*** Begin section ***

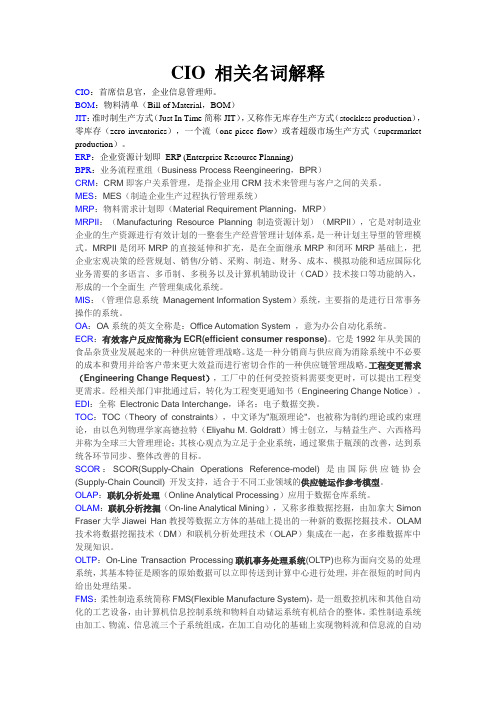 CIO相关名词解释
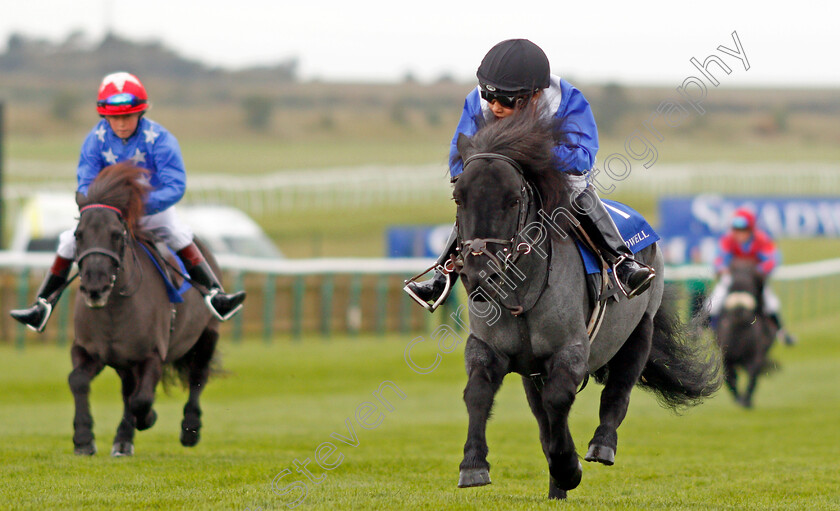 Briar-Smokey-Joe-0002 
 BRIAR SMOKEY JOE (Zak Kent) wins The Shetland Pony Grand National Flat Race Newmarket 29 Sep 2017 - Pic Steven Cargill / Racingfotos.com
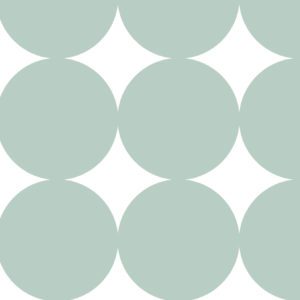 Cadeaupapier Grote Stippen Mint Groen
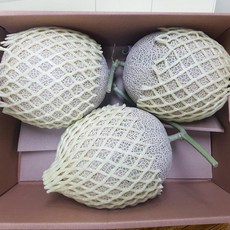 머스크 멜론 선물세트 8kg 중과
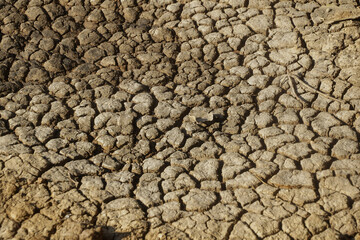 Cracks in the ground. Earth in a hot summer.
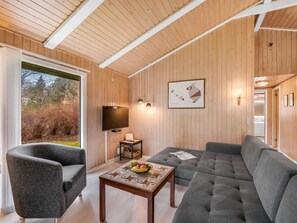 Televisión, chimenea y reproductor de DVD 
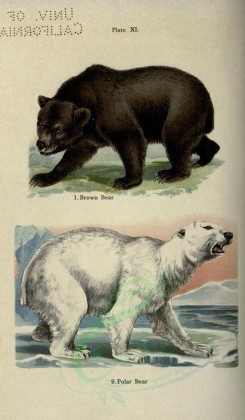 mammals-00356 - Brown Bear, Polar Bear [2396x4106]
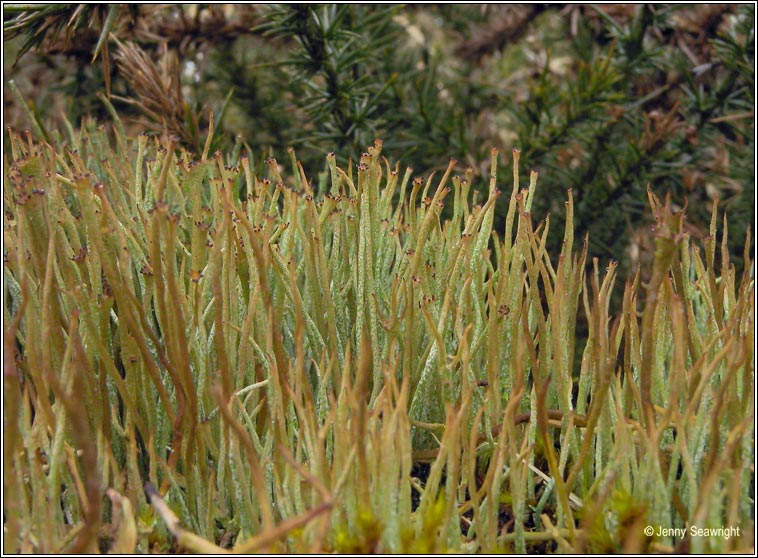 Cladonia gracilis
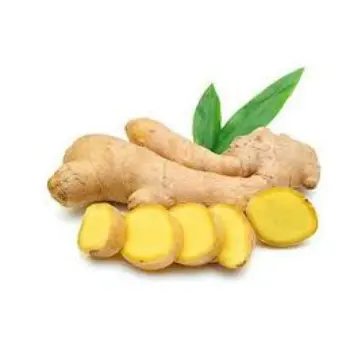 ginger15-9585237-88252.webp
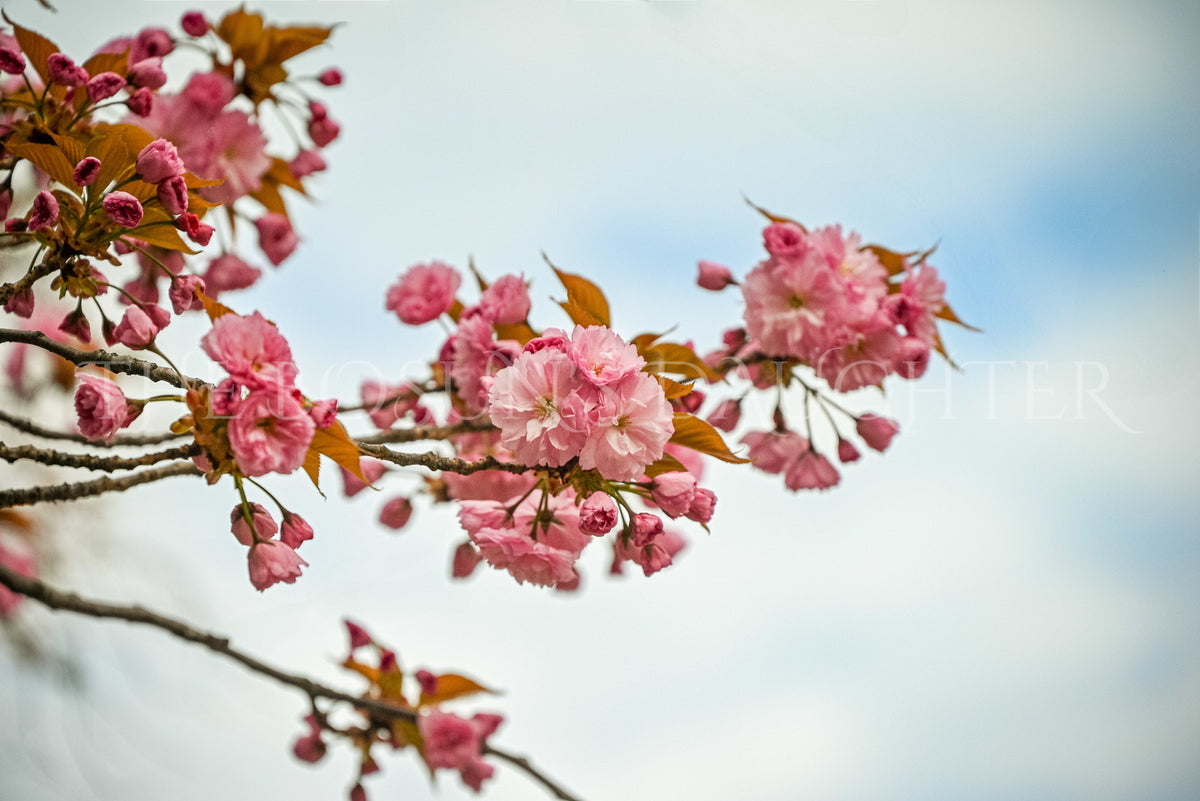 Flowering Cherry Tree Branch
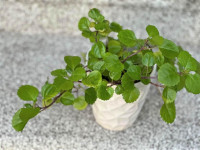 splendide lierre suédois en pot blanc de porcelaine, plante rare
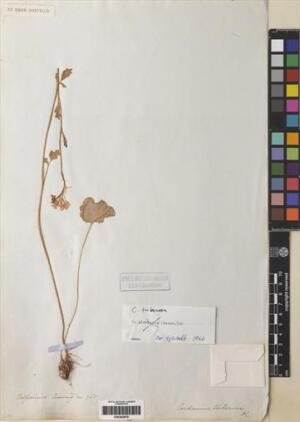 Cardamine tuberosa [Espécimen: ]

*** End section ***

What you have to do:
These lines alone form the answer: the one containing "ginger15-9585237-88252.webp" and every line after it through the end of the material, exactly as written, pictures left out.

Task output:
 ginger15-9585237-88252.webp
 Flowering Cherry Tree Branch
 splendide lierre suédois en pot blanc de porcelaine, plante rare
 Cardamine tuberosa [Espécimen: ]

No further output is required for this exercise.